Exercise requirements =>
The output is the lines below from the one with "Custom Wedding Hand" through the one with "xonox.home – Standschrank", both included, printed exactly and with no other line.

Dataset excerpts =>
------

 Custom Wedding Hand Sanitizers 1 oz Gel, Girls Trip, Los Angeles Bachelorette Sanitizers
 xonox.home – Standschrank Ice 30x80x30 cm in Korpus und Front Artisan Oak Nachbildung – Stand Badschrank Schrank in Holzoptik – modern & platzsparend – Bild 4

------

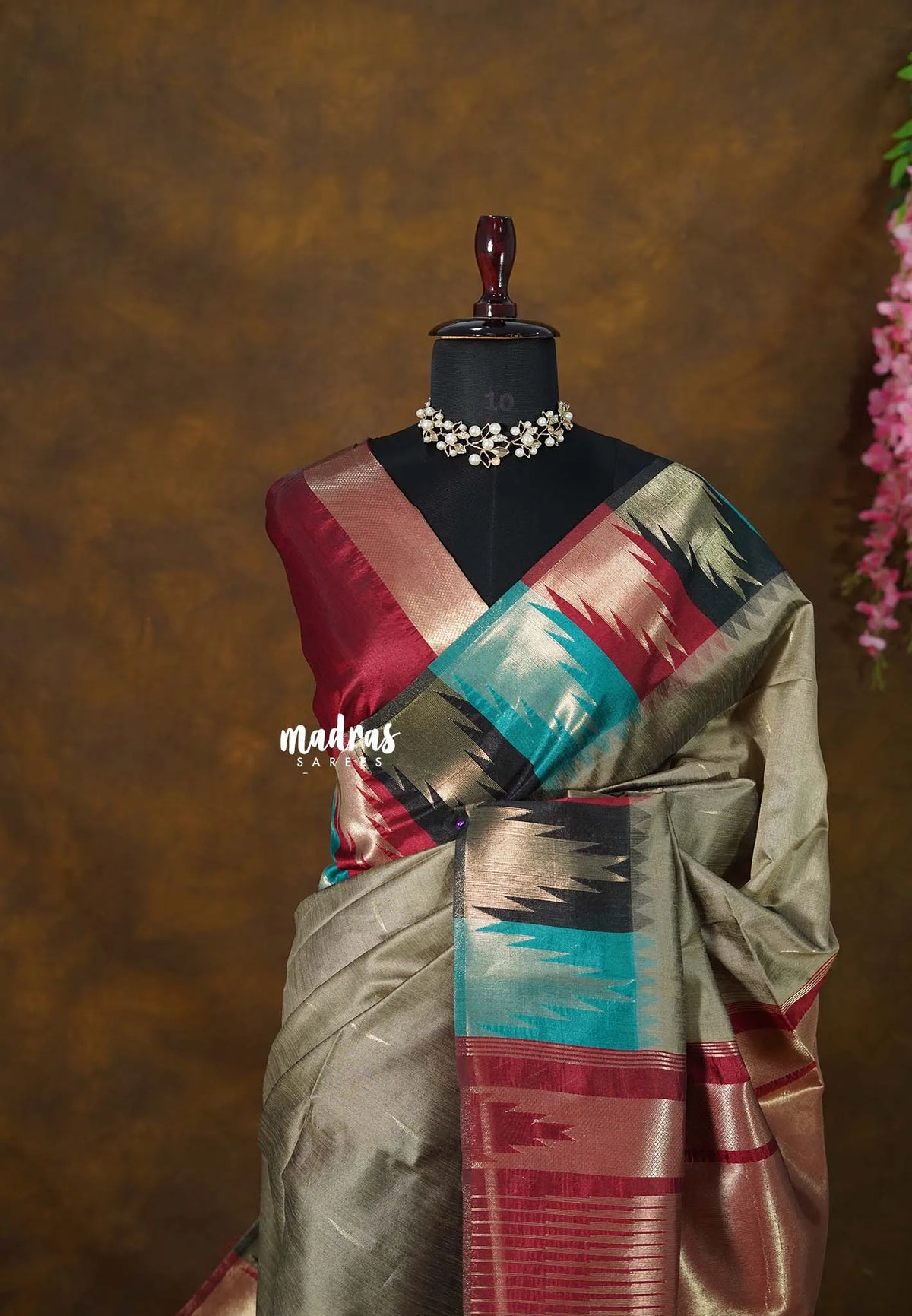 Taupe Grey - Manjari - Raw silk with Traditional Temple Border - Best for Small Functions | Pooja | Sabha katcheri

------

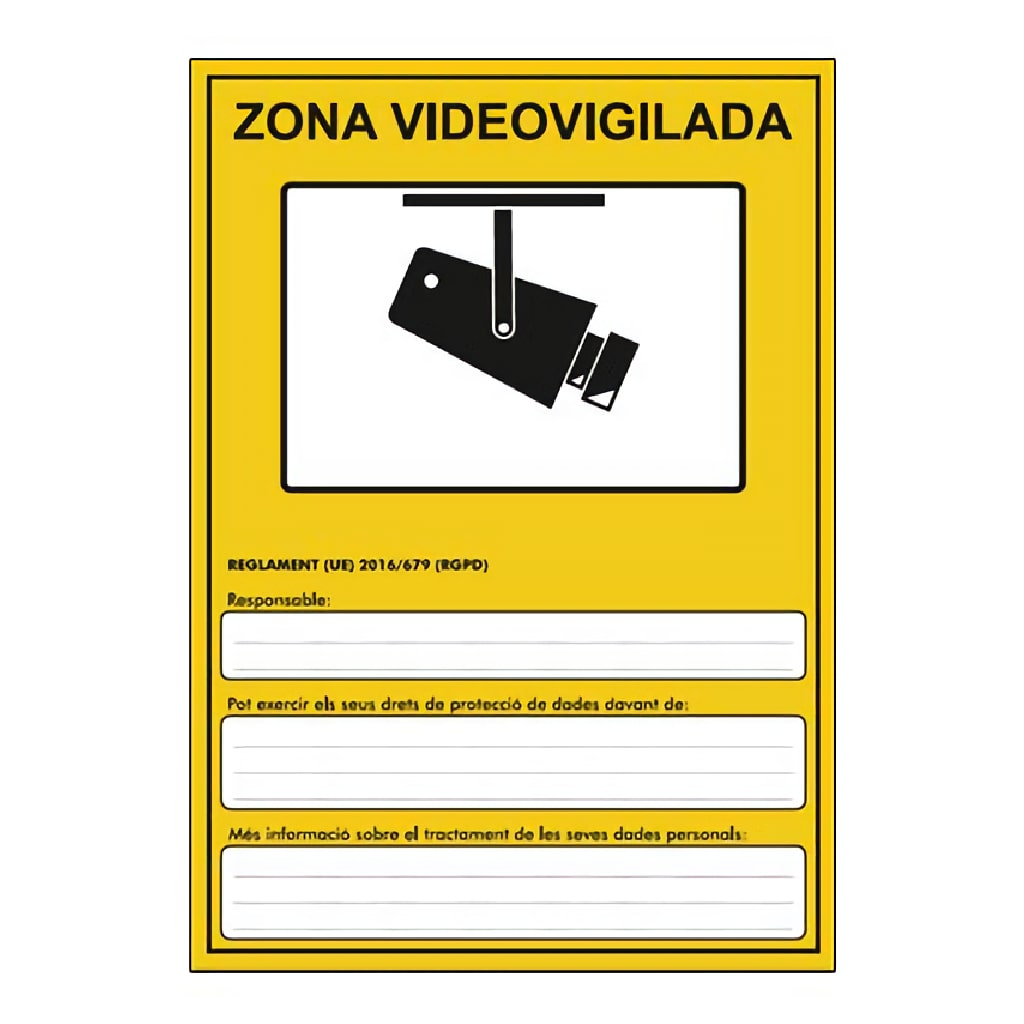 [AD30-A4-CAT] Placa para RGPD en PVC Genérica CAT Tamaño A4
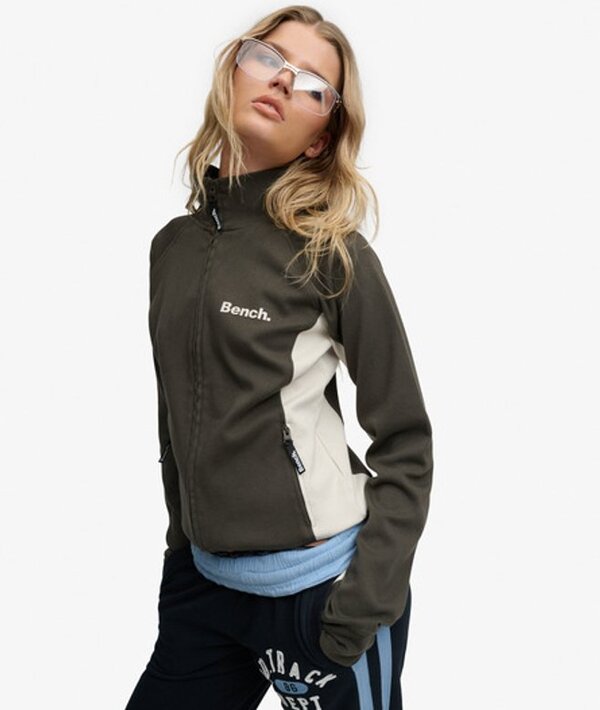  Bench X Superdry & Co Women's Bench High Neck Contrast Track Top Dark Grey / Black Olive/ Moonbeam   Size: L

------

Output for this task =>
 Custom Wedding Hand Sanitizers 1 oz Gel, Girls Trip, Los Angeles Bachelorette Sanitizers
 xonox.home – Standschrank Ice 30x80x30 cm in Korpus und Front Artisan Oak Nachbildung – Stand Badschrank Schrank in Holzoptik – modern & platzsparend – Bild 4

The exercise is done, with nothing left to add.